Weegee (Ascher Fellig pela certidão de nascimento), um mitómano com péssimos hábitos de higiene que perseguia sem êxito strippers que os clientes desdenhavam, saiu de casa aos 13 anos, dormiu em bancos de jardim e sobre jornais estendidos nos passeios até aprender a revelar imagens aos 14, subornar detectives aos 20 e fotografar milhares de homicídios em década e meia – foi o primeiro civil norte-americano a ter um rádio policial instalado no carro –, autointitulando-se O Famoso Weegee (diziam que usava um quadro de Ouija e era mágico por chegar aos locais do crime antes das forças da ordem; soletrar não era o forte dele, e Ouija tornou-se Weegee).

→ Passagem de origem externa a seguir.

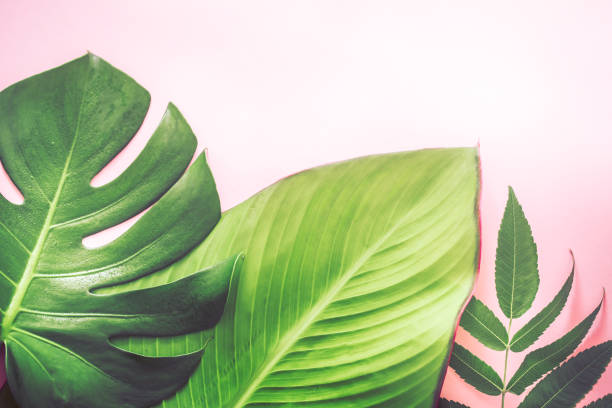 istock different beautiful tropical leaves on pink background 1047523844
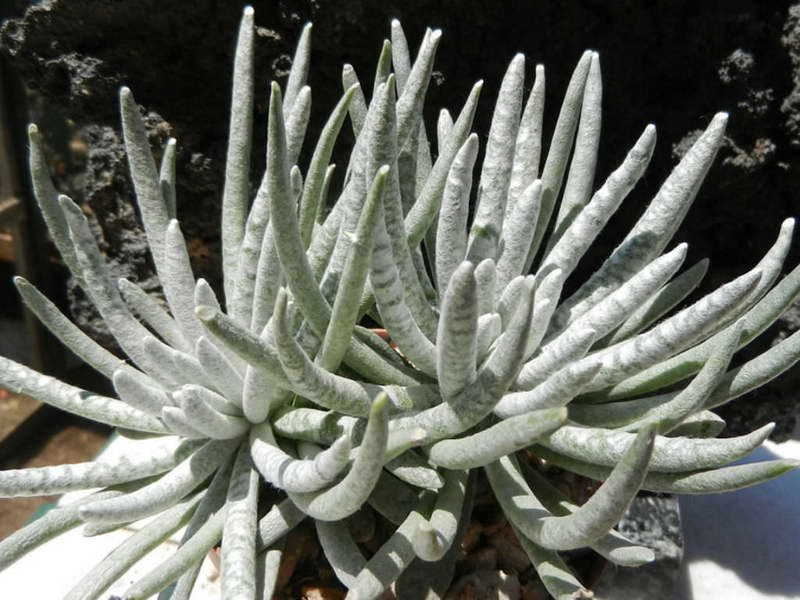   (Senecio scaposus)- 450 .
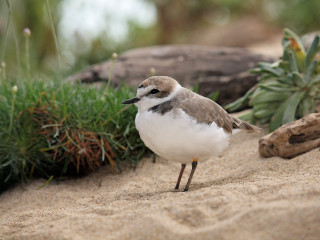 Small bird sandy beach plants - upper body free wallpaper
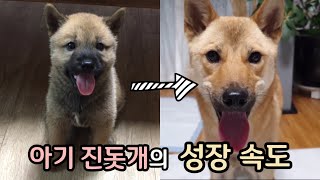 아기여우에서  중형견으로 폭풍성장 (아기 진돗개의 성장과정) ㅣ진돗개계피 ㅣ Korean Jindo Dog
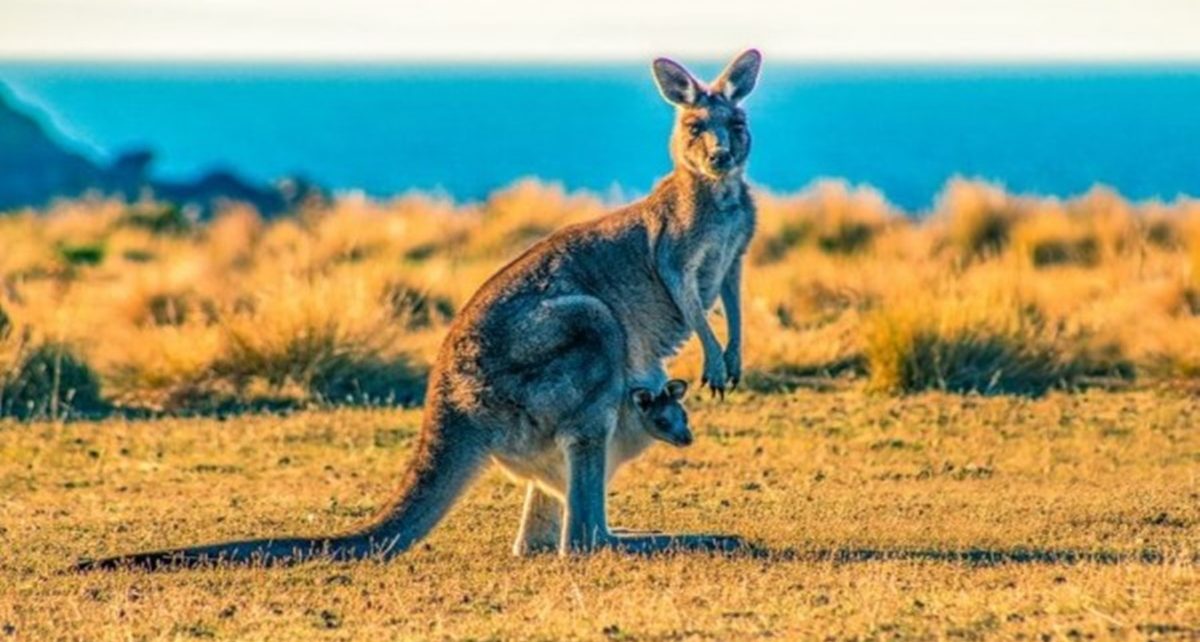 5 Fakta Ilmiah tentang Kanguru, Mamalia Marsupial dengan Kaki Kuat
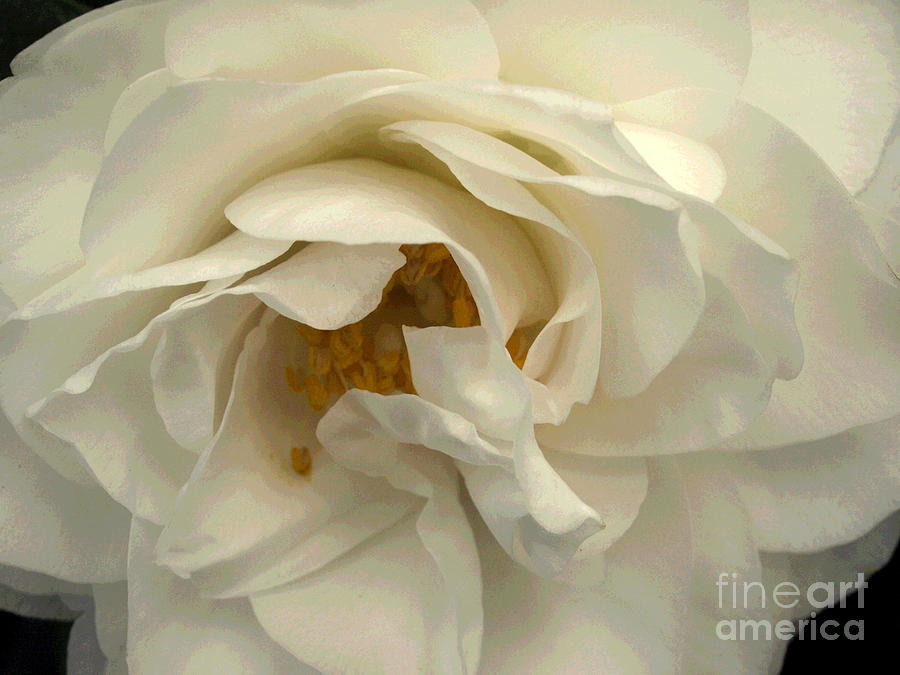 White Rose Photograph by Jacklyn Duryea Fraizer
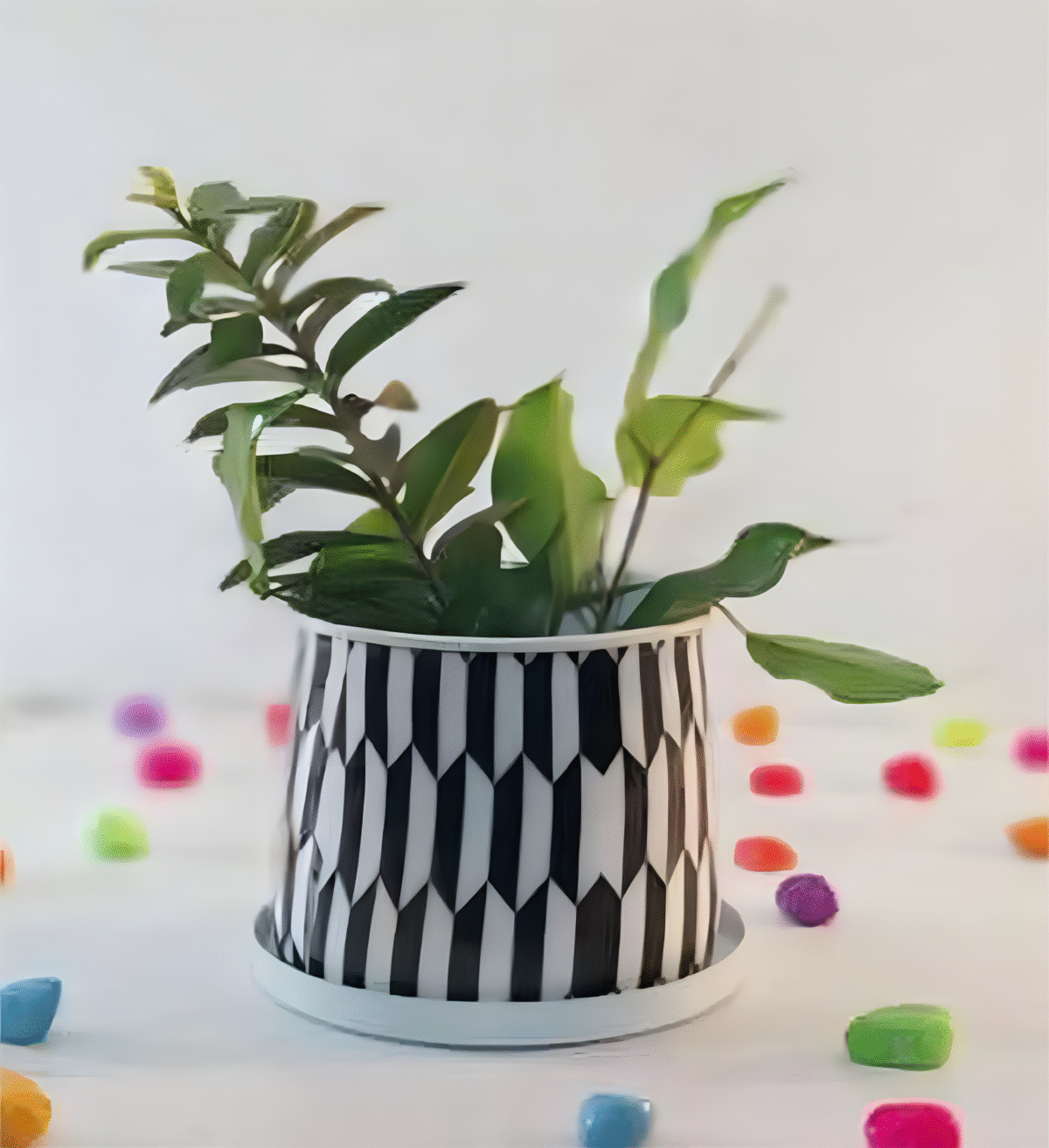 artflora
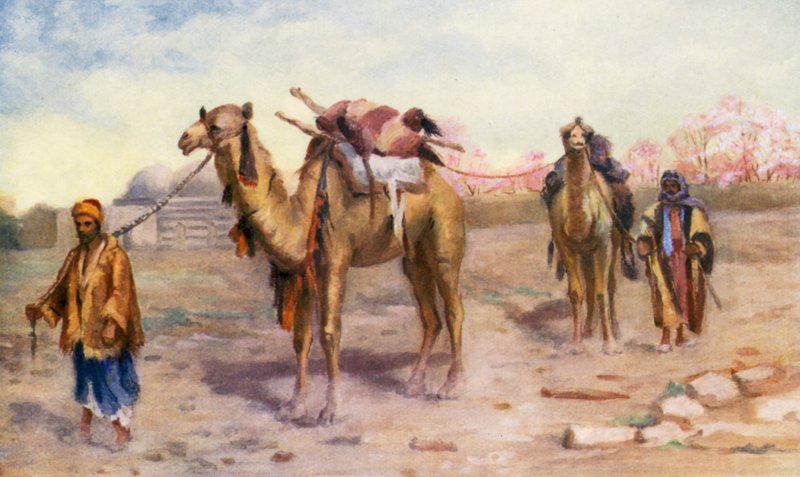 Kameler og kuske uden for Damaskus (farvelitografi) af Margaret Thomas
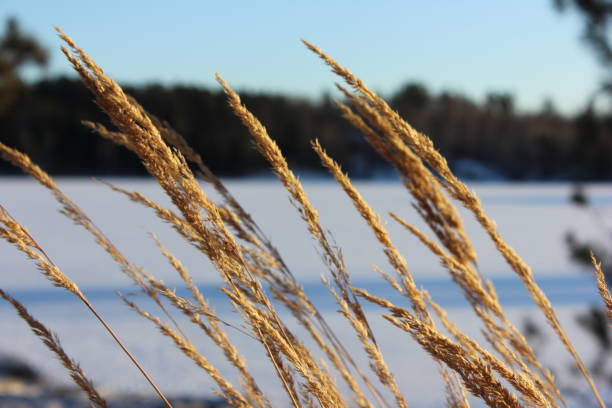 istock Golden Winter II 885112612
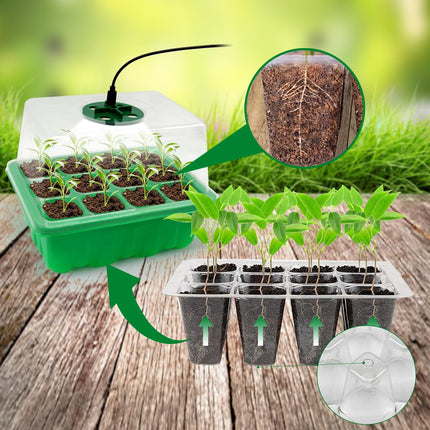 Horuili 5 Pack Indoor Greenhouse Propagator, Mini Greenhouse Propagation Set with Light, Seedling Propagator with 2 Tools and 10 Labels, for Greenhouse, Gardening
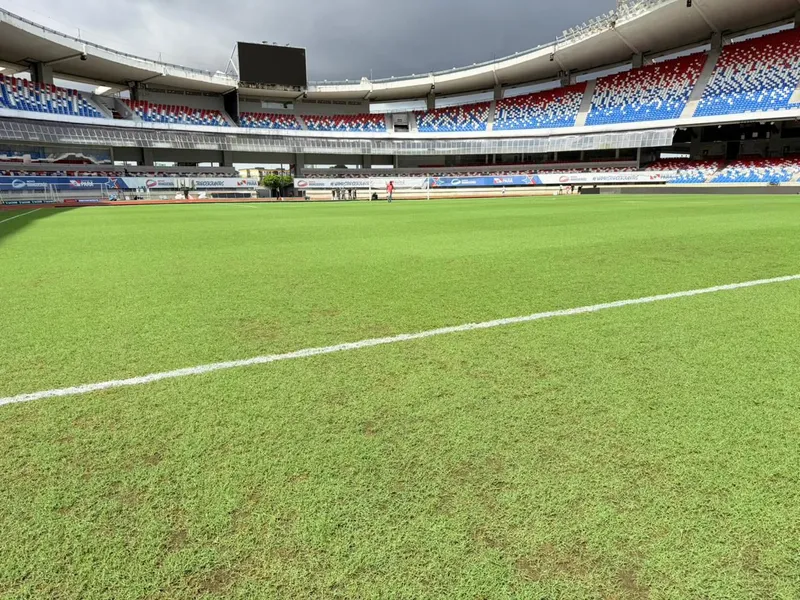 Remo x Mirassol: veja como está a recuperação do gramado do Mangueirão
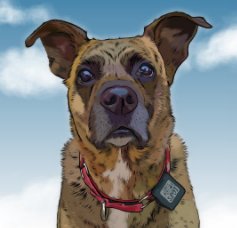 Pet Portraits - Digital book cover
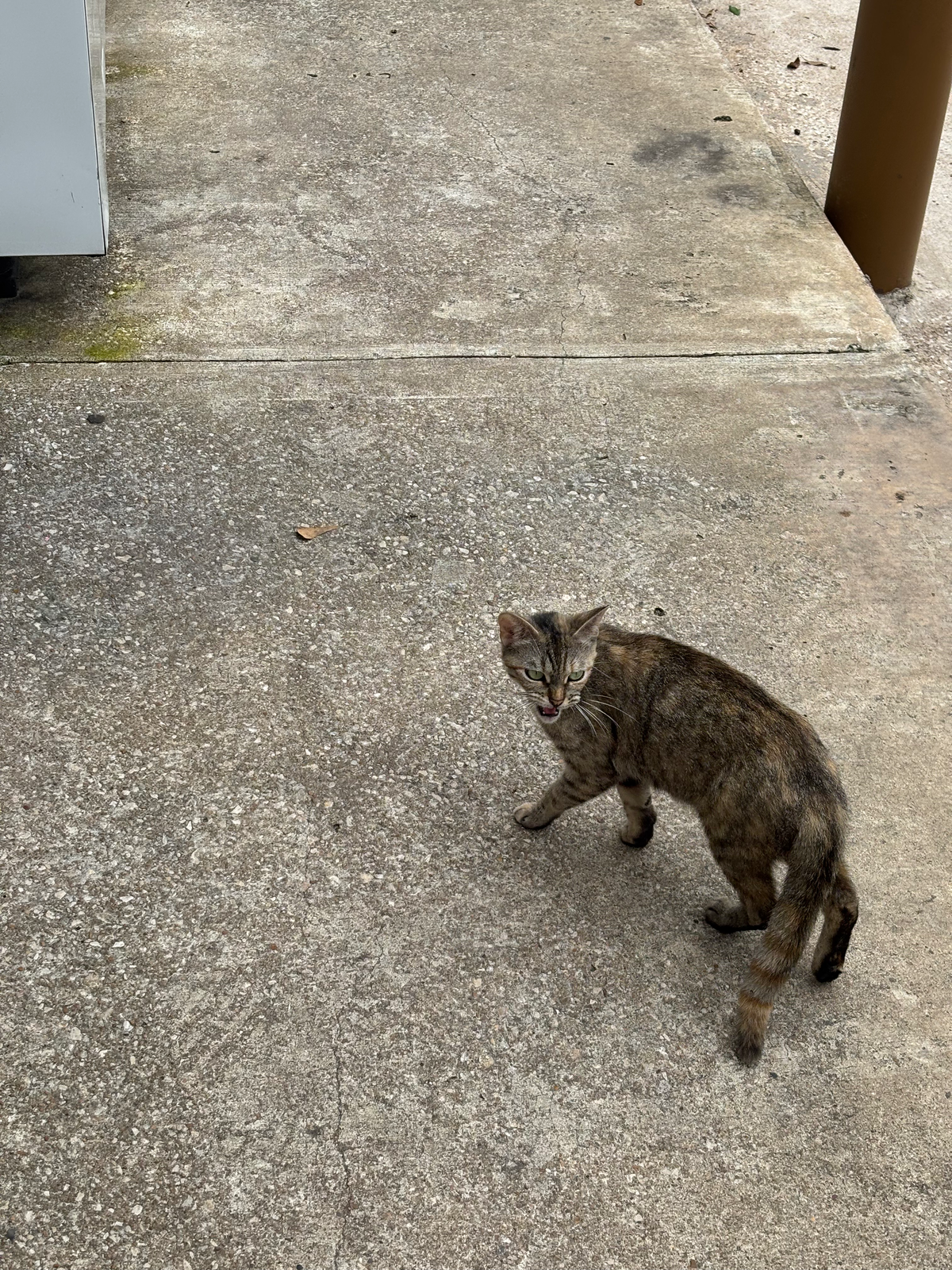 FOUND KITTY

Com três cursos de meliante subterrâneo, sempre admitiu que, às vezes, encenava as suas fotografias, como a hilariante, e definitiva, The Critic, de 1943, em que duas bimbas de alta sociedade, os casacos alvos como peitos de rolas, se cruzam à porta da Metropolitan Opera com uma mulher andrajosa, já com os copos, em vestido escuro (a bamboleante frequentava um bar muito lá de casa do fotógrafo; Weegee embebedou-a e, no momento certo, lançou-a para o regaço das jet-setters).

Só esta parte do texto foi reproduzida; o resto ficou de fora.